Well enough. I actually had to hack at the JSON file a little bit. For some reason, the way it was exporting users from Wordpress was preventing the file from importing into Ghost. A little bit of googling helped me find the problem and I was able to get it working. Unfortunately, I can't really elaborate on what I did. Other than this, it was about what you would expect: The import worked well for about 95% of things but still needed some manual touching up to be 100% good (which I've not yet fully done). The specific issues I had to manually touch up:

  • Hacking at the JSON file to get it to import successfully
  • Reformatting all of my formatted code in blog posts (I think this was mostly because years ago I got a little fancy with a code formatting plugin in Wordpress that used some non-standard syntax - you may not have this same problem). I think I still have some poorly-formatted code in some old posts to keep going through. I fixed some but not all of them.
  • The JSON import will create a new user and attribute all posts to that user - it won't be attributed to your current user in Ghost. I initially started to move them from one user to another until I decided not to and just let old posts stay assigned to the other user.

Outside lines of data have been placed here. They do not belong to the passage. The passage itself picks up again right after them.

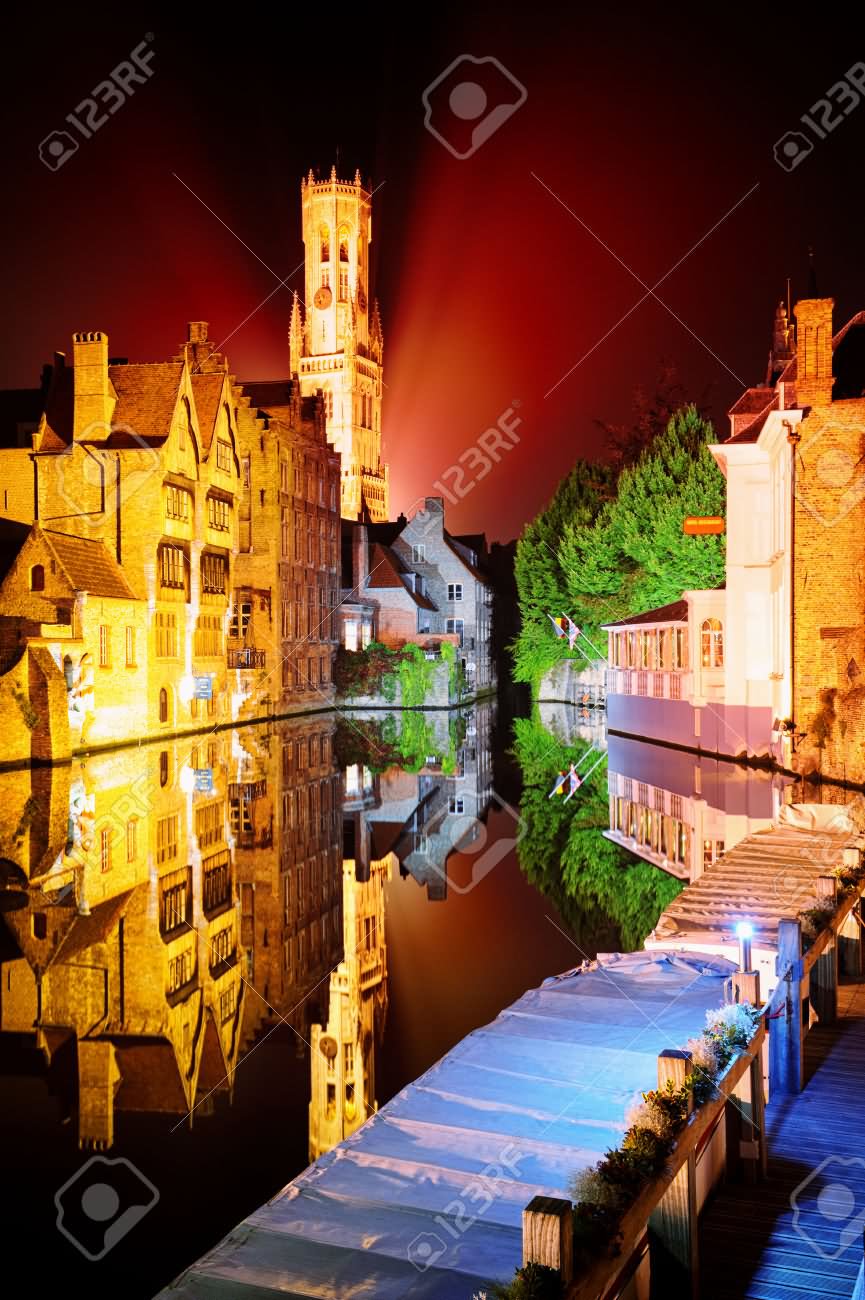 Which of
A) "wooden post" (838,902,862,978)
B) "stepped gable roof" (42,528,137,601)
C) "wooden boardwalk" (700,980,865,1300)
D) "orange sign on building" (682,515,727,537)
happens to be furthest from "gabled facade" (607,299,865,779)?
"stepped gable roof" (42,528,137,601)

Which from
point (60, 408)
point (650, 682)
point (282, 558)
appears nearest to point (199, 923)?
point (650, 682)

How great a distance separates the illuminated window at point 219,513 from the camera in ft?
161

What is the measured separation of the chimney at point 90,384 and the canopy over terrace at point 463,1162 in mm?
37726

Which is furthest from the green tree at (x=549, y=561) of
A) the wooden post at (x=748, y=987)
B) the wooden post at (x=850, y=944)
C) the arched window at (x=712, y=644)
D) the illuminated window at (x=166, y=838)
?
the wooden post at (x=748, y=987)

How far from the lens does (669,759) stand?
3788 centimetres

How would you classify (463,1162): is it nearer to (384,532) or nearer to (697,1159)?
(697,1159)

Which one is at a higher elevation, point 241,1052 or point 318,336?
point 318,336

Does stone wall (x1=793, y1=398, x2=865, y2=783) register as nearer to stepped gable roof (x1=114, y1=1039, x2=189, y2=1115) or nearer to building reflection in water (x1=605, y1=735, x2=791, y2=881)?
building reflection in water (x1=605, y1=735, x2=791, y2=881)

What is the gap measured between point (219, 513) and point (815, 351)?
29.5 meters

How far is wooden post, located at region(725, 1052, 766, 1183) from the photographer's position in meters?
6.92

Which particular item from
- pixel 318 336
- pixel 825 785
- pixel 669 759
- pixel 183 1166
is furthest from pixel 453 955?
pixel 318 336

So I just tweaked the two users' metadata such that it won't impact my site's readers in any meaningful way but if I ever need to know which posts are "old Wordpress posts" instead of Ghosts posts, this is one way I can do that. You know, like when I finally recover my old blog's comments.
  • Other than that, I think there might have been 1-2 random things to address. Nothing major.

Wrap-up

Overall, it was a pretty easy process. I think I spent more time figuring out how to do things than I did actually doing things. The end product wasn't perfect but I think with more planning, and if I spent more time practicing the migration, I could have gotten it to perfect. But I'm very satisfied with the results and, so far, I'm enjoying the Ghost platform much more than I was with Wordpress. Between the ability to load it up with plugins and tweaks you can make and advanced settings to play with in addition to the burden of security, Wordpress was becoming a liability for me and it's nice no longer having that burden. Ghost is much simpler and takes far less of my time to do anything with it. I'd do it all over again if I had the choice though I'd probably have spent another hour or two trying to get my comments to come through seemlessly if I knew then what I know now.